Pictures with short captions
============================================================

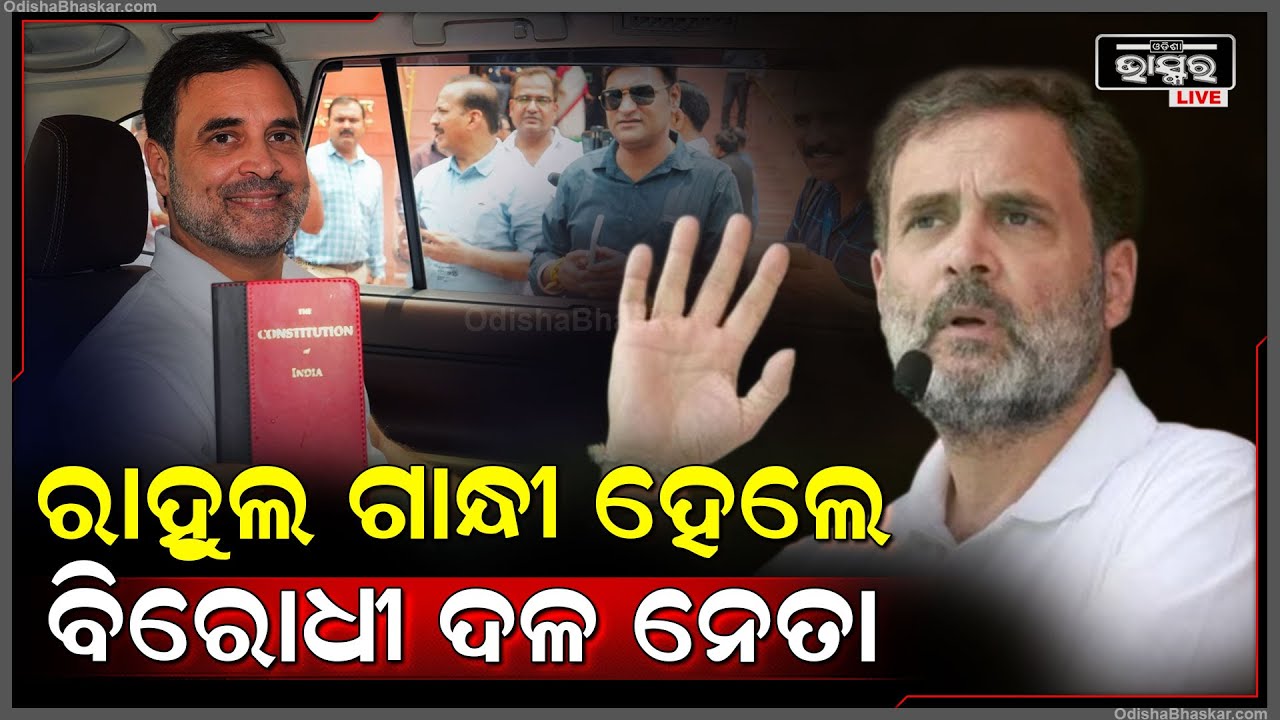 ରାହୁଲ ଗାନ୍ଧୀ ହେଲେ ଲୋକସଭାରେ ବିରୋଧୀ ଦଳର ନେତା  Rahul gandhi Becomes Leader Of Opposition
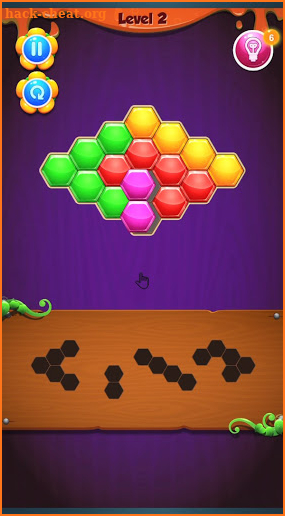 Hexa Puzzle Game Deluxe screenshot
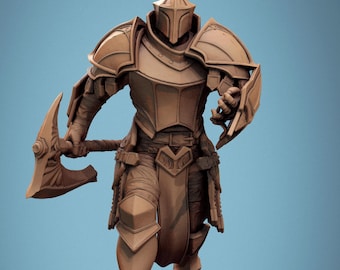 Paladin Knight v1 DnD Miniaturas compatibles con miniaturas de fantasía de 28 mm y 32 mm / 46018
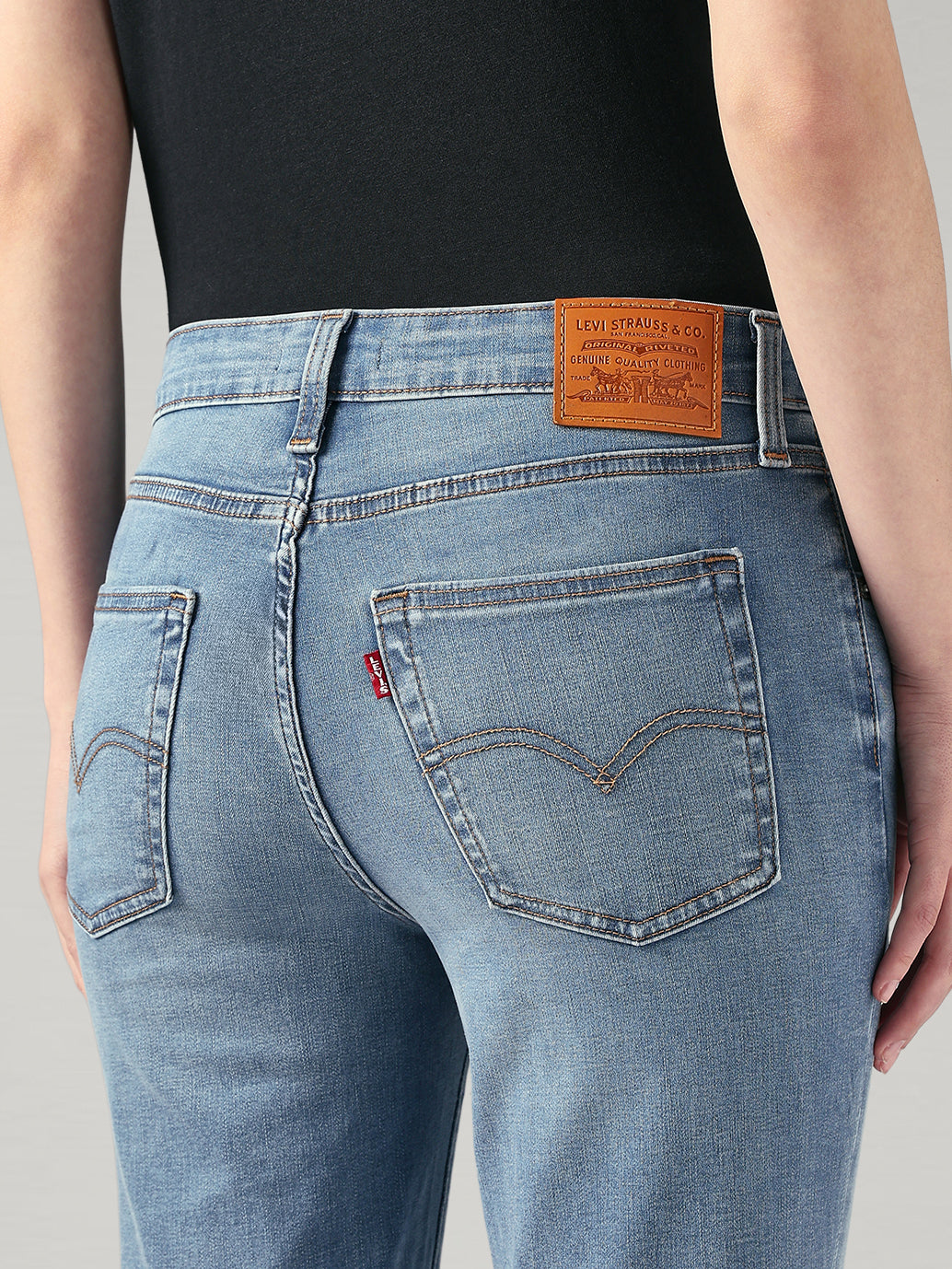 Women's 721 Blue Skinny Fit High Rise Jeans - 20 View
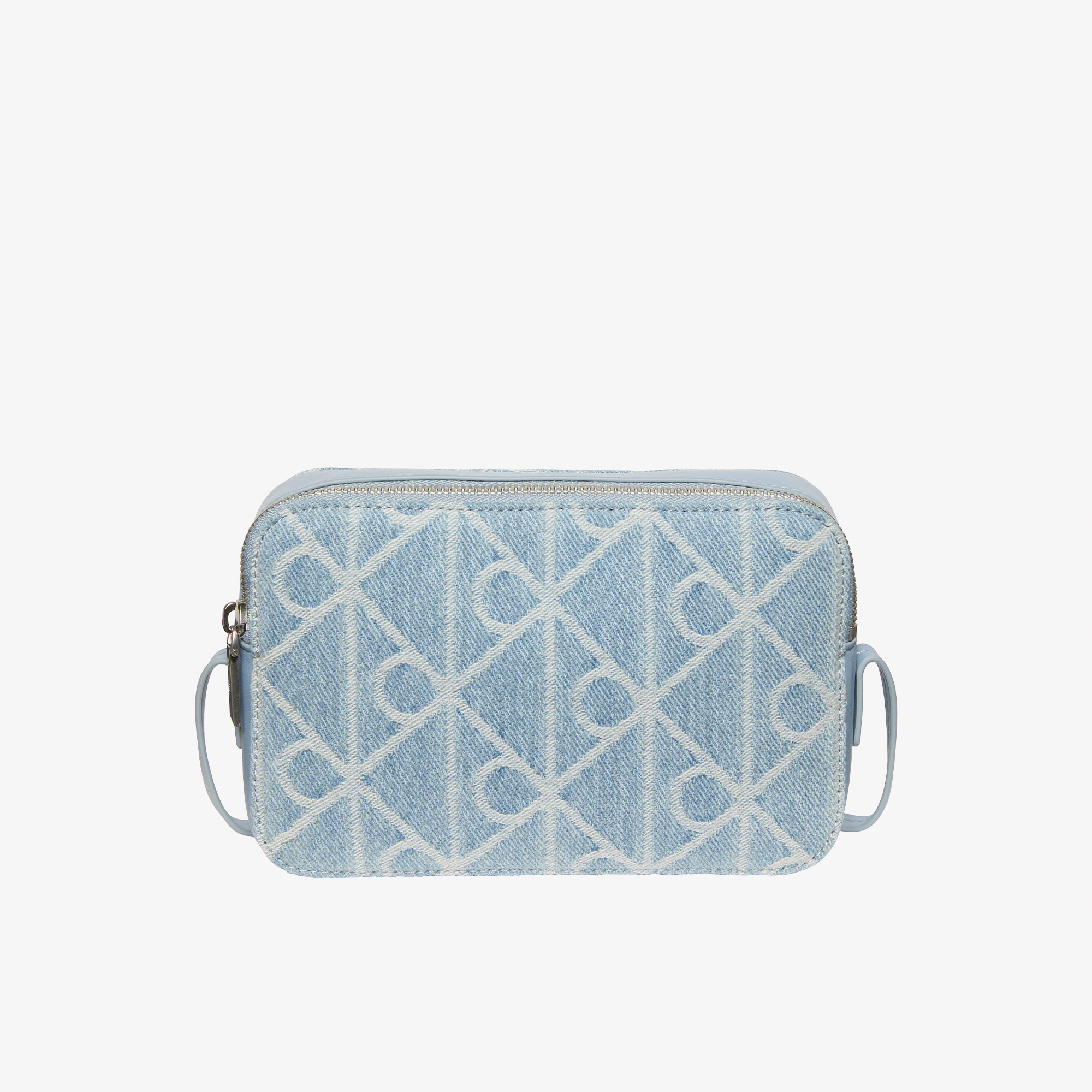 Calvin Klein Emblem Denim Camera Kadın Mavi Çapraz Çanta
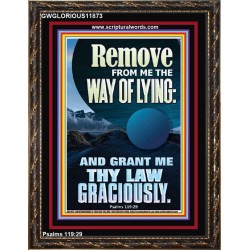 REMOVE FROM ME THE WAY OF LYING  Bible Verse for Home Portrait  GWGLORIOUS11873  "33x45"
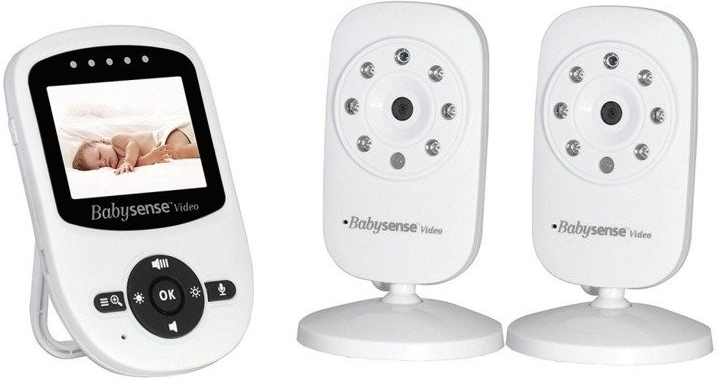 BabySense Videokamera S 2 Kamerami V24EU+2K white recenze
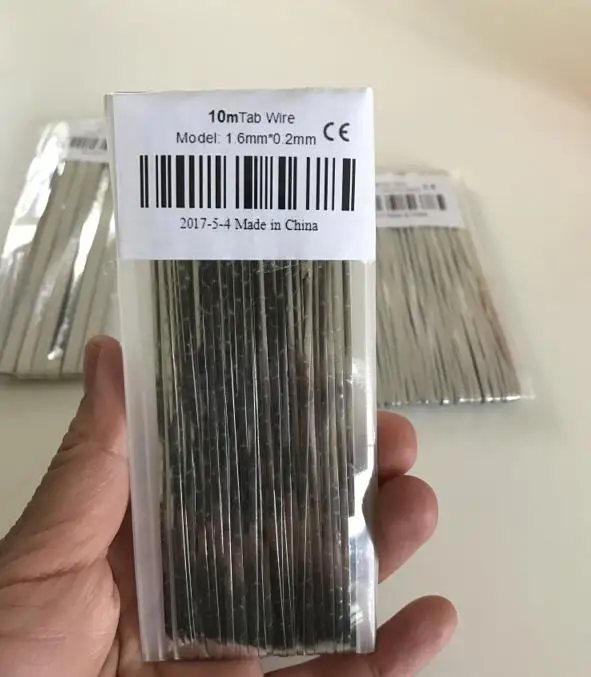 Сварочная проволочная лента для солнечной панели сделай сам 10 м 1 6*0 2 мм проволока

============================================================

**TO DO**
Every word of the data should be reproduced exactly; please omit any pictures.

**RESPONSE FOR THIS EXERCISE**
 ରାହୁଲ ଗାନ୍ଧୀ ହେଲେ ଲୋକସଭାରେ ବିରୋଧୀ ଦଳର ନେତା  Rahul gandhi Becomes Leader Of Opposition
 Hexa Puzzle Game Deluxe screenshot
 Paladin Knight v1 DnD Miniaturas compatibles con miniaturas de fantasía de 28 mm y 32 mm / 46018
 Women's 721 Blue Skinny Fit High Rise Jeans - 20 View
 Calvin Klein Emblem Denim Camera Kadın Mavi Çapraz Çanta
 REMOVE FROM ME THE WAY OF LYING  Bible Verse for Home Portrait  GWGLORIOUS11873  "33x45"
 BabySense Videokamera S 2 Kamerami V24EU+2K white recenze
 Сварочная проволочная лента для солнечной панели сделай сам 10 м 1 6*0 2 мм проволока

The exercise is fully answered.